Results obtained at various stages of segmentation of a breast tumour in US image (a) Noisy US image (b) Despeckled image(c) Contrast enhanced image (d) Extracted homogeneous regions using SUSAN filter (e) Suspicious tumour regions (f) Wavelet modulus maxima points in the suspicious tumour region (g) Candidate tumour seeds (h) Final tumour seed (i) Segmented tumour region.

Tumour detection on different US images. (a1– a3) Input US images (b1– b3) Wavelet modulus maxima points in the suspicious tumour regions (c1– c3) Tumour seed points (d1– d3) Segmented tumour regions.

Tumour segmentation on images from lakeshore hospital: (a1, b1) input images (a2, b2) wavelet modulus maxima points (a3, a4) Tumor seed point (a4, b4) segmented tumour.
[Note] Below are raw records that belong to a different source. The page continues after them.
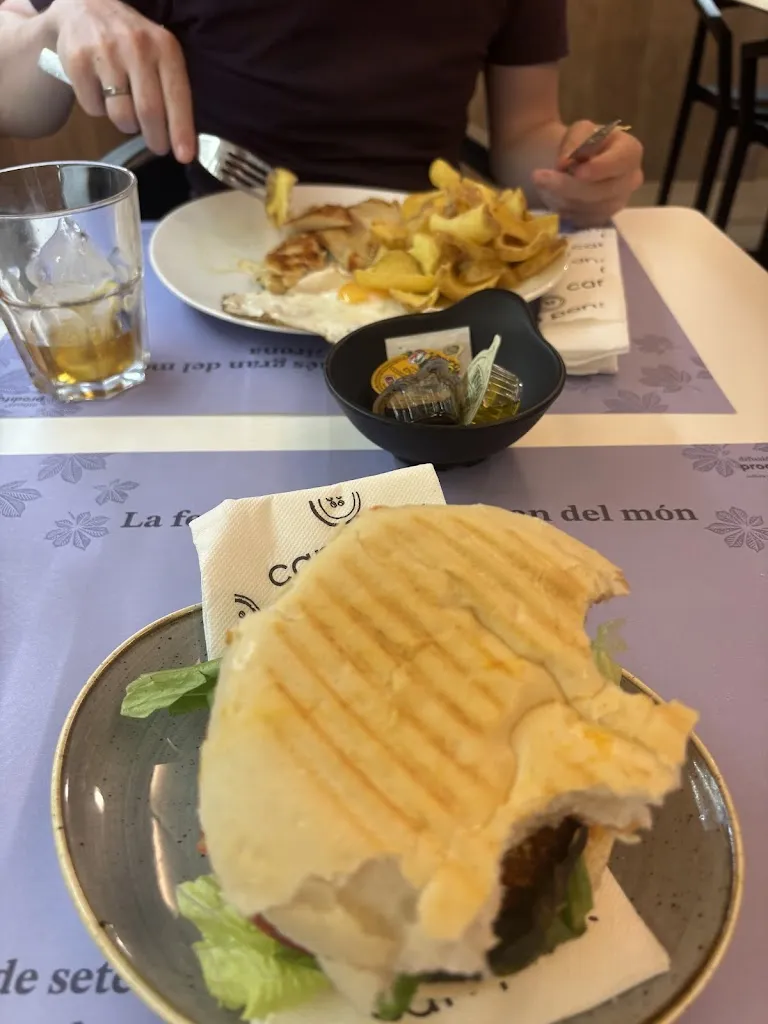 Riana Agustin_Can Pons_Banyoles_review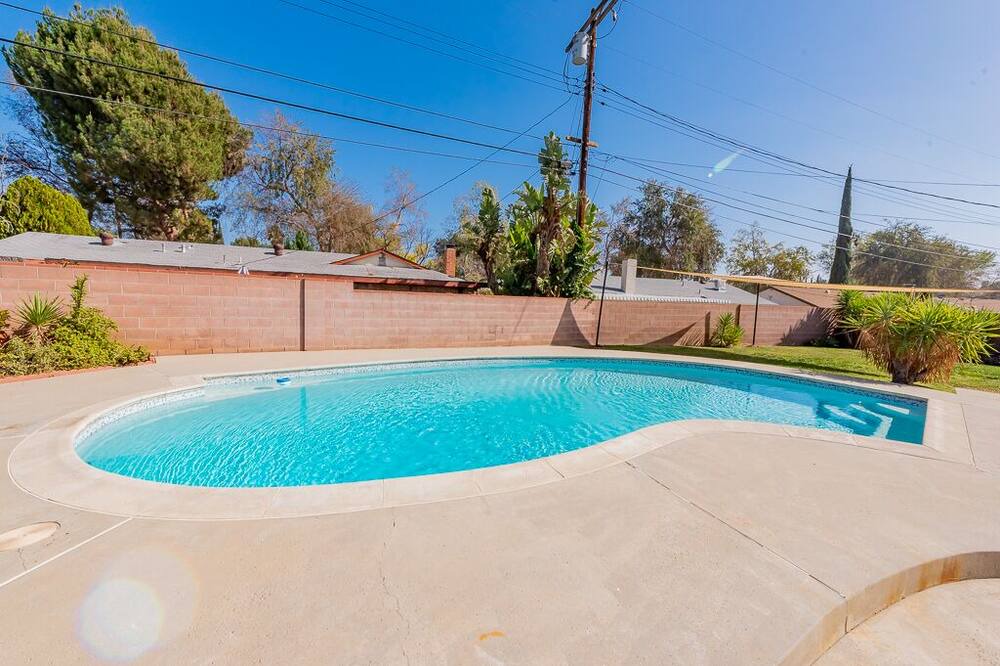 Photo of Outdoor in West Hills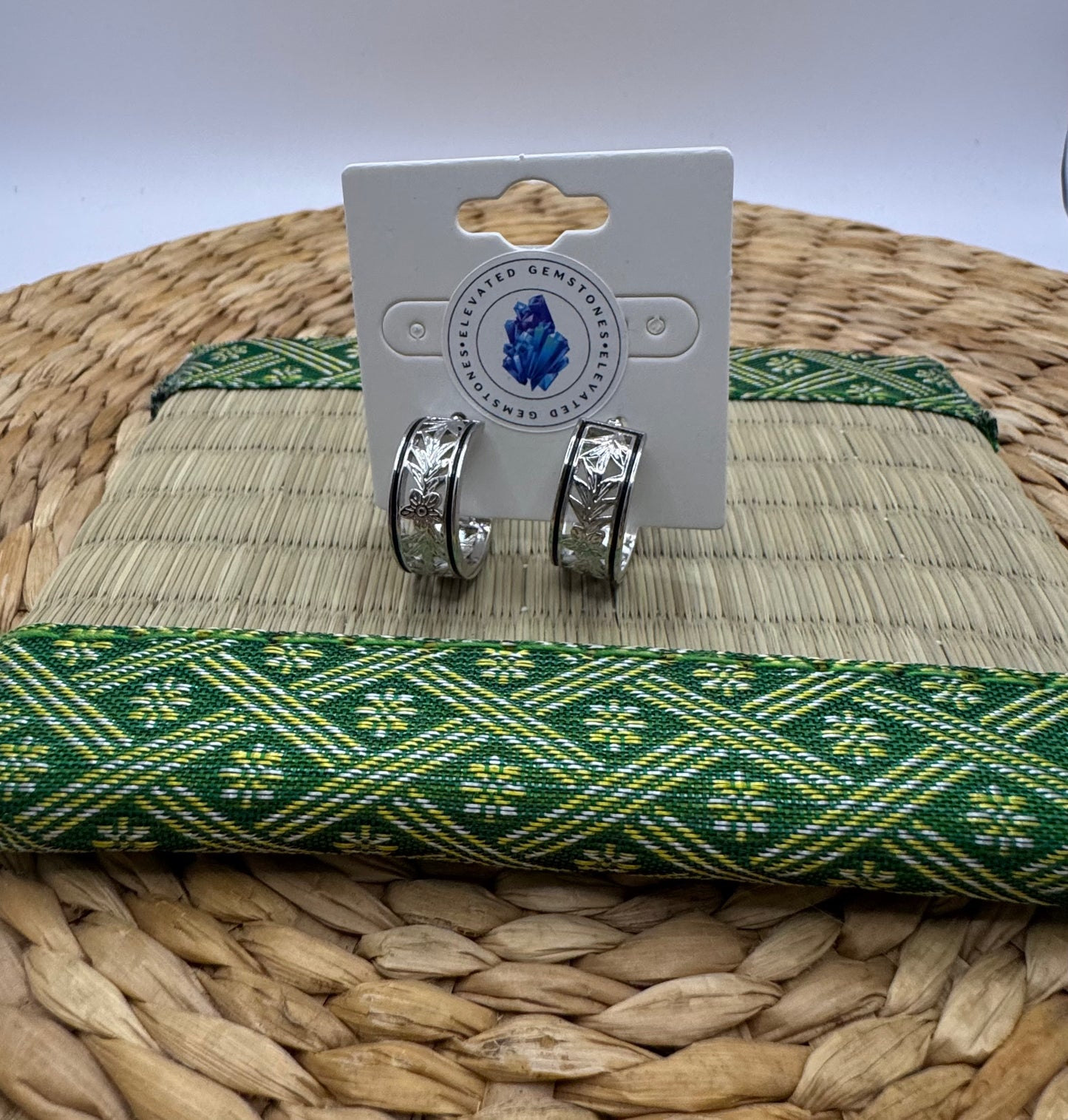 Leaf Round Earrings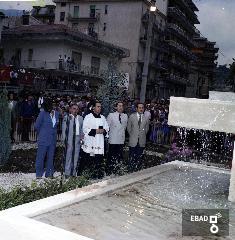 Don Enzo Caponigro,Carmelo Conte e civili davanti al monumento dei bersaglieri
Performance of seed detection algorithm
Performance of tumor segmentation algorithm
The performance of the classifier is evaluated using the individual subset features as well as using the combinations of morphological and texture features. Using individual subsets the highest classification rate is achieved for shearlet texture features. The classification results for individual subset features are shown in Table 3. The morphological features demonstrate better performance compared to spatial texture features. Since morphological features are independent of the ultrasound machine, we combined it with texture features for the second set of evaluations. These results are tabulated in Table 4. The results demonstrate a better classification rate when oriented shearlet texture features are combined with morphological features. As the next step, using the best performing features we optimized the parameters of SVM employing Cuckoo search. Optimization of regularization and kernel parameters of SVM resulted in better classification rate in terms of accuracy, sensitivity, and specificity
Performance of individual subset features F spatial , F morphological and F shearlet in the classification of breast lesions
Combined performance of subset features in breast lesion classification
The performance of tumour classification method is compared with a method [30] which employed eight features from different shearlet sub bands to form feature vectors to train the SVM. The same procedure is implemented and evaluated on our data set and the results are tabulated in Table 5. The combination of shearlet and morphological feature set demonstrates better performance with SVM in breast tumour classification. The accuracy, sensitivity and specificity are improved further when CS optimized SVM is used for classification.
Performance evaluation and comparison of the SVM classifier for breast lesions
A novel intelligent method for automatic detection of breast tumor in ultrasound images is presented. The proposed CAD system can automatically detect the tumours in noisy and low-contrast breast ultrasound images. The algorithm, when evaluated on 170 BUS images, obtained seed selection accuracy of 98.8% and a segmentation accuracy of 90.1% with a similarity index of 0.85. The various experimental results demonstrate that CS-optimized SVM trained with morphological and shearlet texture features significantly improved the performance of the CAD system for breast cancer.